Blake made a hurt sound. “I’ve been that kid,” he said softly. “That kid can grow into a decent person. You just gotta let him cry a little, let him know he’s heard.”
Cheever’s breath was long and shaky, and his eyes kept leaking tears, but that terrifying storm of weeping seemed to be kept at bay. “Who wants to listen to that kid?” Cheever asked after that long breath. “I sure don’t.”
“I do,” Blake said, surprising himself. “I’ve been waiting for that kid to talk to me for eight long goddamned years.”
Cheever’s eyes fastened hungrily on his face. “I wanted to not be a fuckup,” he moaned. “I wanted to be someone worth listening to.”
So needy. This kid—all his coolness, all his arrogance—he’d been trying to earn their approval?
Blake cupped his cheek. “Aw, kid. You wanted to not be a fuckup? You were born into the wrong damned family. We are fuckup city here. We just make that work for us. Welcome to Outbreak Monkey, right?”
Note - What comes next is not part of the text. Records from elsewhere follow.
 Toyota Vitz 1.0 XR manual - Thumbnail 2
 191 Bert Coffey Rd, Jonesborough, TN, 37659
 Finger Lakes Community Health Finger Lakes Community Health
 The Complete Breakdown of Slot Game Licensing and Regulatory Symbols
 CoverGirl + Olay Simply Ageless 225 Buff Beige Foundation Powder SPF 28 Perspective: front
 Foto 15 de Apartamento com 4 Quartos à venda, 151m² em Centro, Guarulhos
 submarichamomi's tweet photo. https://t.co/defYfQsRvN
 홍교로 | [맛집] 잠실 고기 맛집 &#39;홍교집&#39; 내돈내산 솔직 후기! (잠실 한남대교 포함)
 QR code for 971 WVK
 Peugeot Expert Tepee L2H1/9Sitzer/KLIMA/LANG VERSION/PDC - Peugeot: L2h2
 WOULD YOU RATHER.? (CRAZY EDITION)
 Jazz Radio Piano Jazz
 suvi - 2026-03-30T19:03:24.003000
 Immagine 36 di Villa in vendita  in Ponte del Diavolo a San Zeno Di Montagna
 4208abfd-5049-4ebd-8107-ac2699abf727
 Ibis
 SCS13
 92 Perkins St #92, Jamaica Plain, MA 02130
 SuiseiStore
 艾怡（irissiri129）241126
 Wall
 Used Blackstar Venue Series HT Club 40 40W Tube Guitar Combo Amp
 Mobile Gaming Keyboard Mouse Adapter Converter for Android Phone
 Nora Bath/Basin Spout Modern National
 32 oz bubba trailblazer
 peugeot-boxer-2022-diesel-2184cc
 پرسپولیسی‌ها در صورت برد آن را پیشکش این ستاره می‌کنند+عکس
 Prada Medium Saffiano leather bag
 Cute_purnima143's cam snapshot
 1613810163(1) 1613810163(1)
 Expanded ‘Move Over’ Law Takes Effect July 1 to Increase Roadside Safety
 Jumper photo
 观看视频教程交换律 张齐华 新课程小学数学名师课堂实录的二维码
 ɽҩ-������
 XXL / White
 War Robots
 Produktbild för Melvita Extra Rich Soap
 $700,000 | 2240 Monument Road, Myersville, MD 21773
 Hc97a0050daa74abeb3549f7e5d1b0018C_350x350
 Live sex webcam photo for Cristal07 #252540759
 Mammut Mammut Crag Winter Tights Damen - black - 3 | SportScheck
That got a smile from Cheever, surprisingly enough. He used his free hand, the one not cuffed to the rail, to capture Blake’s palm against his cheek.
“I’m glad it was you,” he said, which surprised the hell out of Blake, “who found me.”
He didn’t say why, but his eyes fluttered closed, and Blake breathed a sigh of relief. That rot was still there, festering, needing to be bled out, but maybe Cheever’s heart could rest for a little bit before it did.